Each line from the one that holds "A round cork" to the end of the entries is to be given again exactly. Do not include pictures.

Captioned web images
☆ ☆ ☆ ☆ ☆

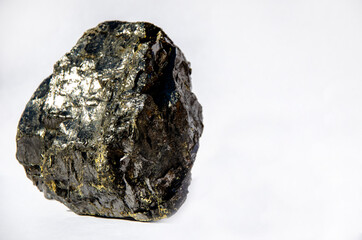 Coal on a white background. Fossil coal close-up. Coal. Coal anthracite. Coal close-up. Heating season. Mineral fossil © Pavlo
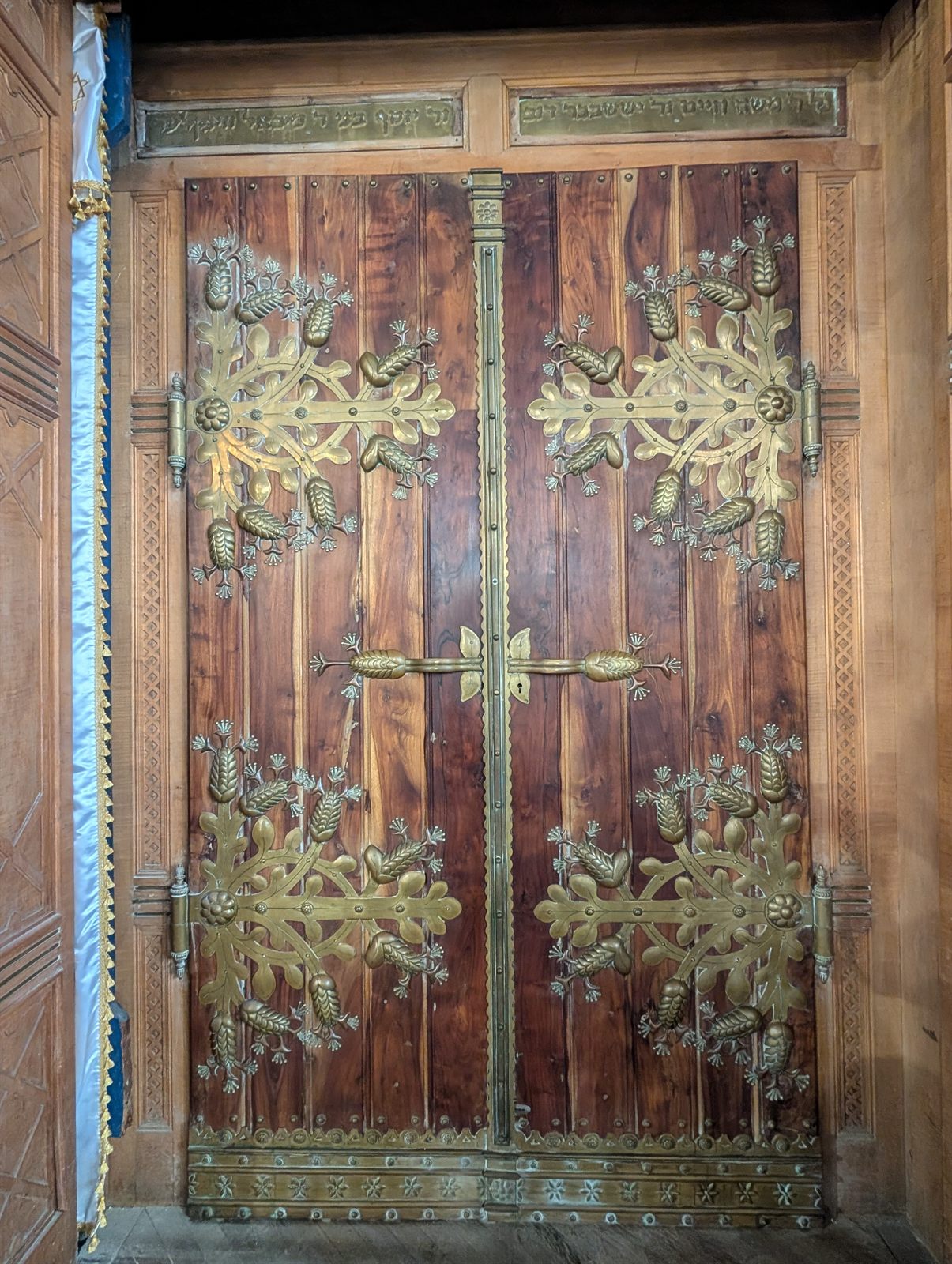 The closed wooden doors of the Torah ark at Szeged, covered with ornate gilded metal fittings in the shape of leaves and flowers, with a Hebrew inscription carved above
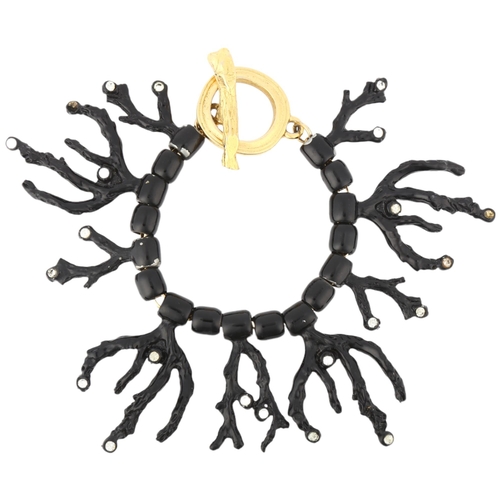 1110 - YVES SAINT LAURENT - a Vintage black enamel and rhinestone 'Coral' bracelet, designed by Robert Goos... 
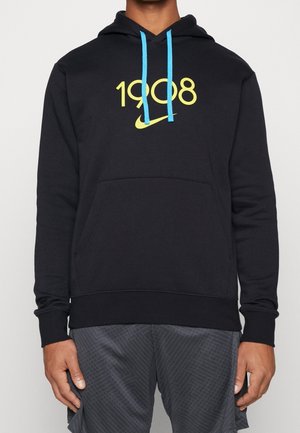 Osoba ubrana w czarną bluzę z kapturem z jasnoniebieskimi sznurkami i żółtym napisem "1908" oraz logo Nike na przodzie, w połączeniu z ciemnymi, wzorzystymi szortami.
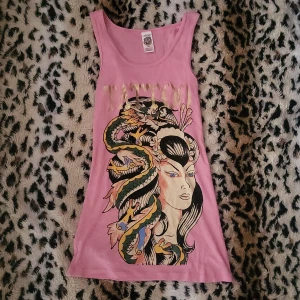 Rosa Ed Hardy linne med tryck - Säljer en rosa one size linne från Ed Hardy med stort färgglatt drak- och rosmotiv fram och bak.guldiga detaljer samt texten 'Tattoo' och 'Ed Hardy'.. Skriv om du har frågor😊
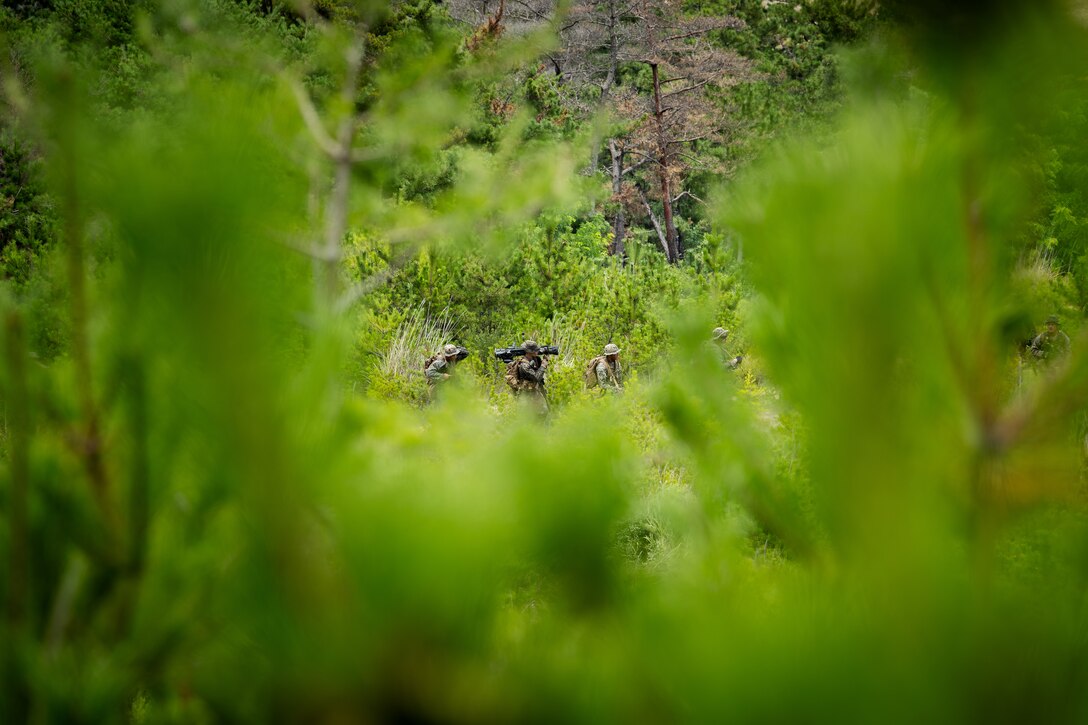 U.S. Marines with 2nd Battalion, 23rd Marines, forward deployed with 4th Marine Regiment, 3d Marine Division as part of the Unit Deployment Program, maneuver to a support-by-fire position before U.S. and Republic of Korea Marines assault a simulated enemy position during the Korean Marine Exercise Program 25.2 in Pohang, South Korea, August 5, 2025. KMEP is conducted regularly between the ROK and U.S. Marine Corps to increase their combined capabilities through realistic training geared towards deterrence and maintaining peace in the Indo-Pacific. (U.S. Marine Corps photo by Lance Cpl. Van Hoang)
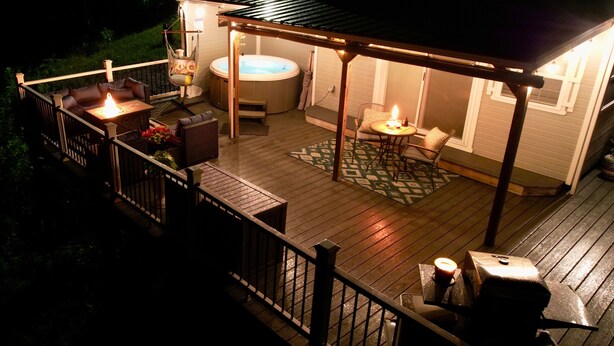 Een terras met buitenmeubilair, een jacuzzi en een barbecueplek.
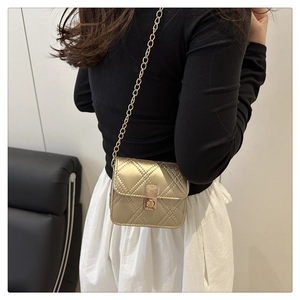 Detail of gold quilted mini crossbody bag with metal chain strap and twist lock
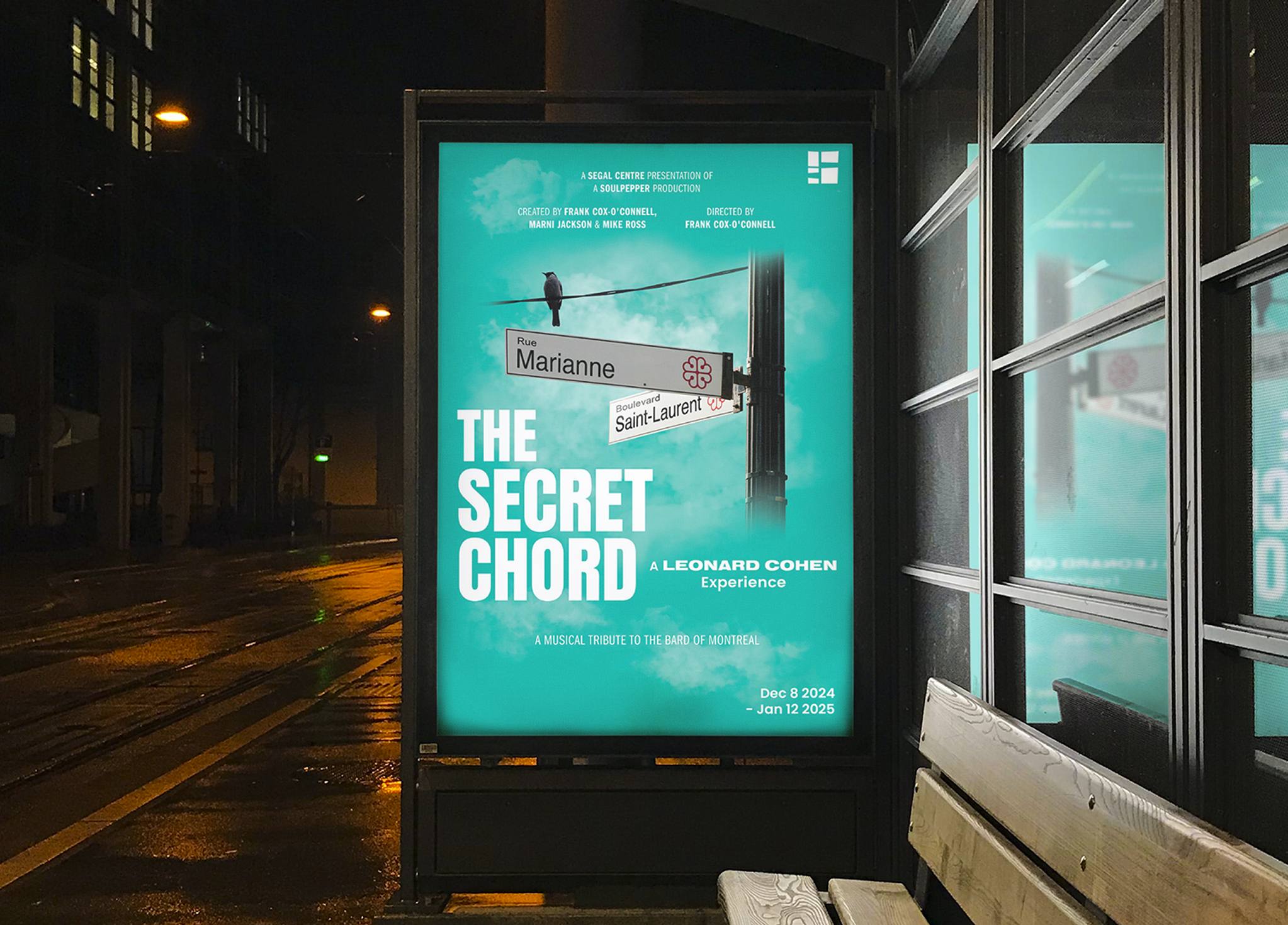 Segal_202425-5 A backlit bus stop poster at night displays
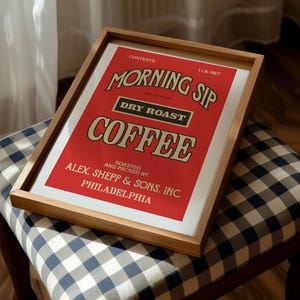 May include: A framed print with a red background, displaying the words "MORNING SIP COFFEE" in a vintage style. The print also includes the text "DRY ROAST" and "ALEX. SHEPP & SONS, INC PHILADELPHIA". The frame is made of light-coloured wood.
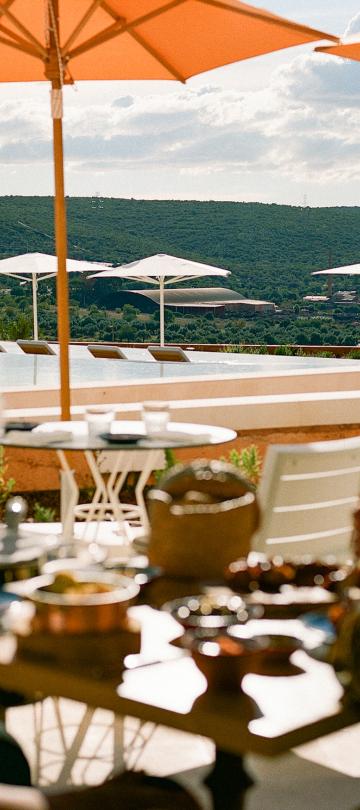 Two people sitting on a patio with some food and drinks at Ombria Algarve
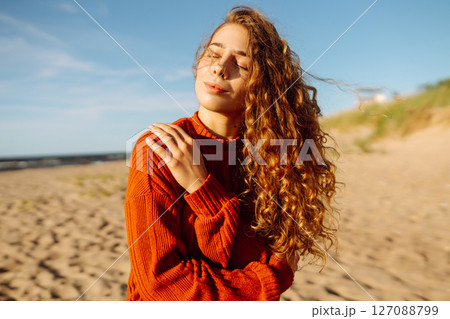 Outdoor portrait of pretty woman on the beach in cold sunny weather. Travel, fashion, blogging Outdoor portrait of pretty woman on the beach in cold sunny weather. Travel, fashion, blogging 127088799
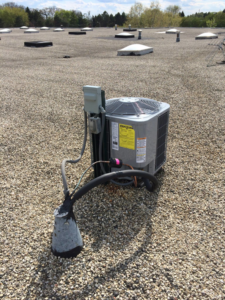 An outdoor HVAC condenser unit installed on a gravel rooftop by Corbe Heating and Air Conditioning in Elgin, IL.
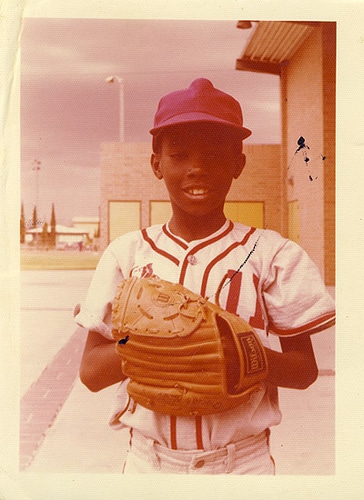 Child wearing a baseball glove.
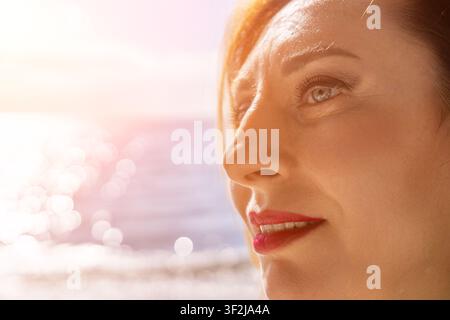Woman portrait sunset close up profile of a smiling middle aged woman looking at the ocean during golden hour Stock Photo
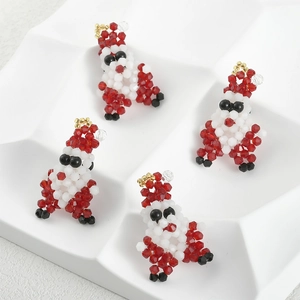 Detailed close-up of four handmade beaded Santa Claus charms with gold hanging rings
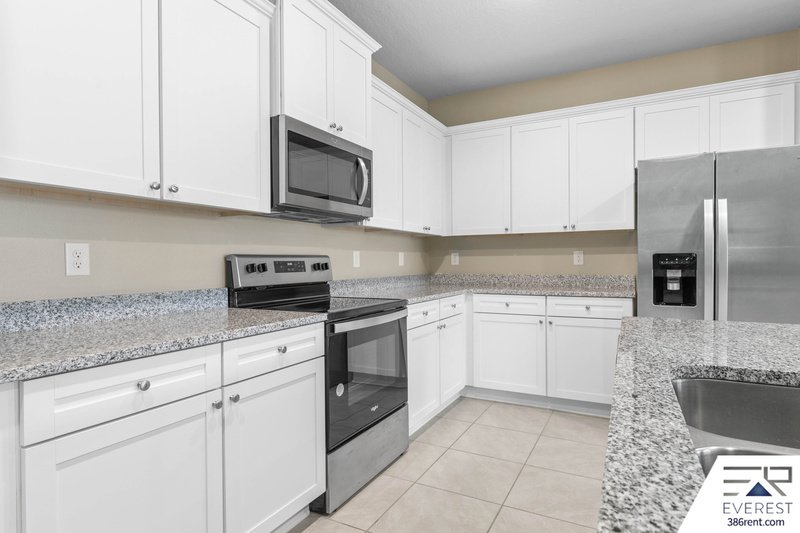 LIKE NEW 3/2.5/1 TOWNHOUSE IN DESIRABLE PALM COAST property image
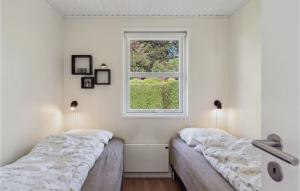 Spodsbjerg的住宿－索利斯特魯德考賓丹麥V號度假屋，白色客房的两张床,设有窗户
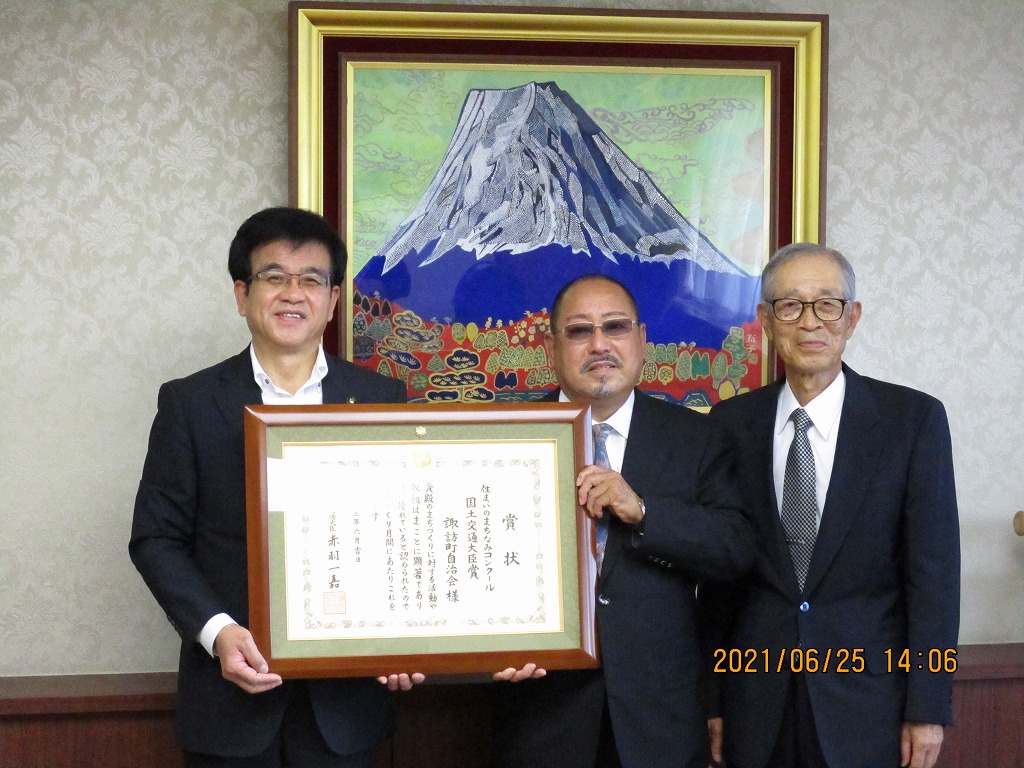 スーツ姿の市長と男性2名が額縁に入った感謝状を持って記念撮影している写真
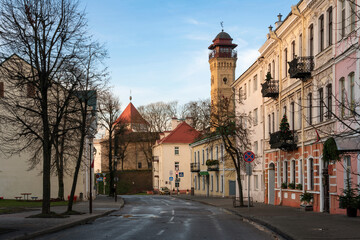 Fototapeta na wymiar View of an old street in the historical center of the city and a fire tower in the background, Grodno, Belarus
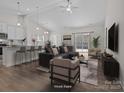 Bright, open-concept living room boasts modern furnishings and a seamless flow to the outdoor patio at 127 Tradesmen Trl, Troutman, NC 28166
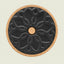 A round cork coaster with a black textured center featuring an embossed floral mandala pattern and a small cork circle in the middle, shown on a light beige background.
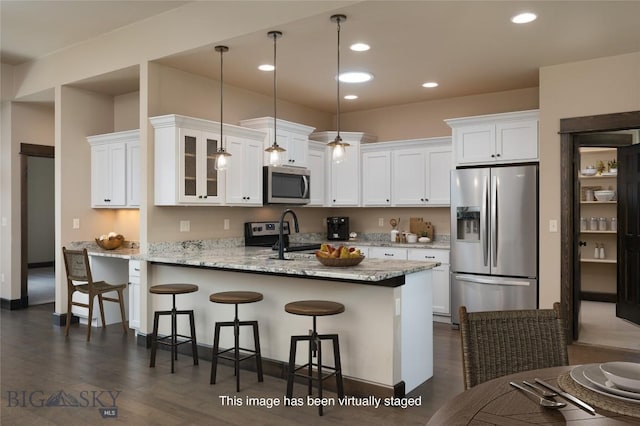 5479 Annie St, Bozeman, MT 59718 - kitchen featuring stainless steel appliances, a peninsula, white cabinets, glass insert cabinets, and dark wood-type flooring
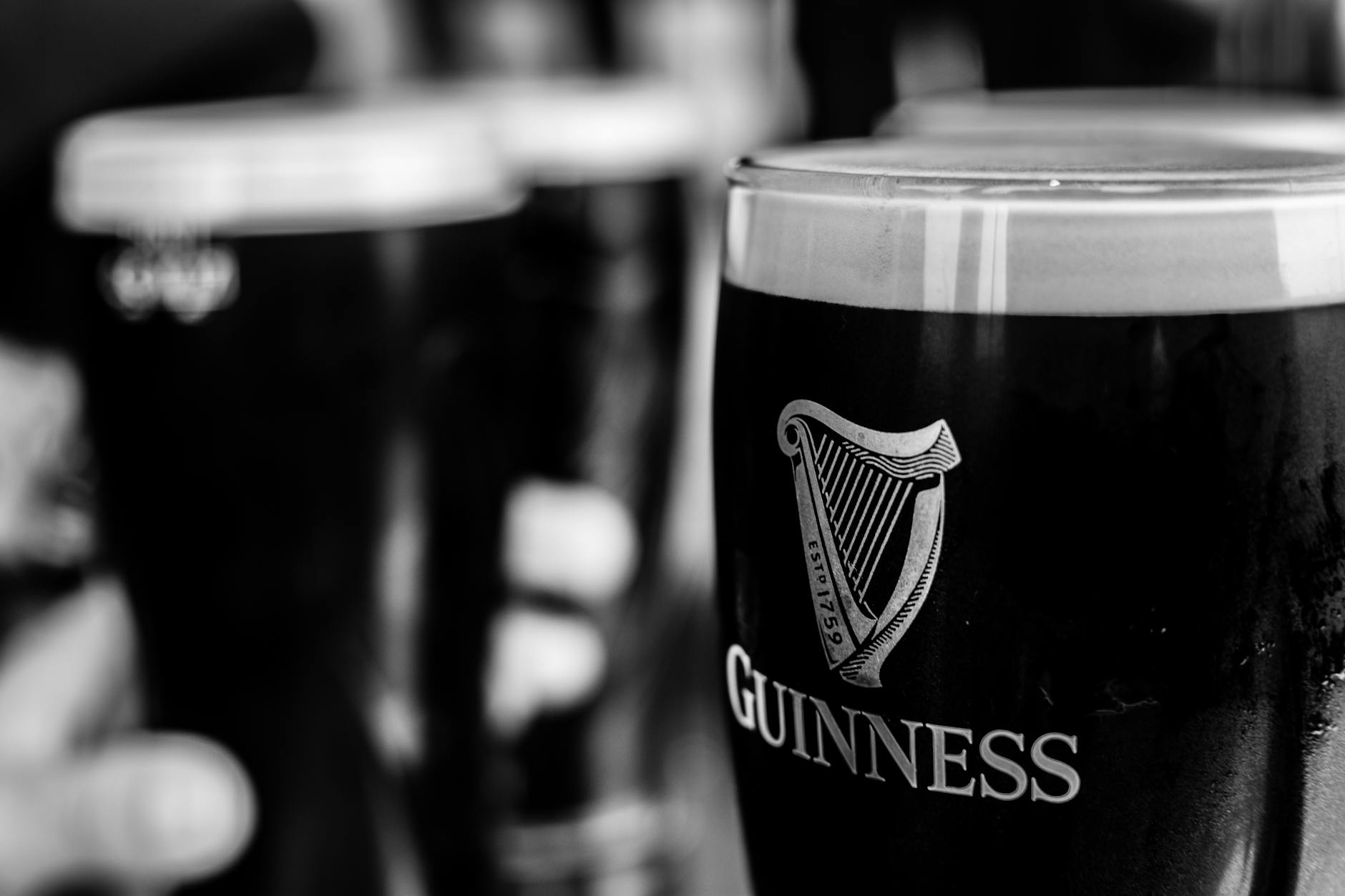 Pinty ciemnego piwa Guinness w irlandzkim pubie, zdjęcie czarno-białe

☆ ☆ ☆ ☆ ☆

Expected answer.
 A round cork coaster with a black textured center featuring an embossed floral mandala pattern and a small cork circle in the middle, shown on a light beige background.
 5479 Annie St, Bozeman, MT 59718 - kitchen featuring stainless steel appliances, a peninsula, white cabinets, glass insert cabinets, and dark wood-type flooring
 Pinty ciemnego piwa Guinness w irlandzkim pubie, zdjęcie czarno-białe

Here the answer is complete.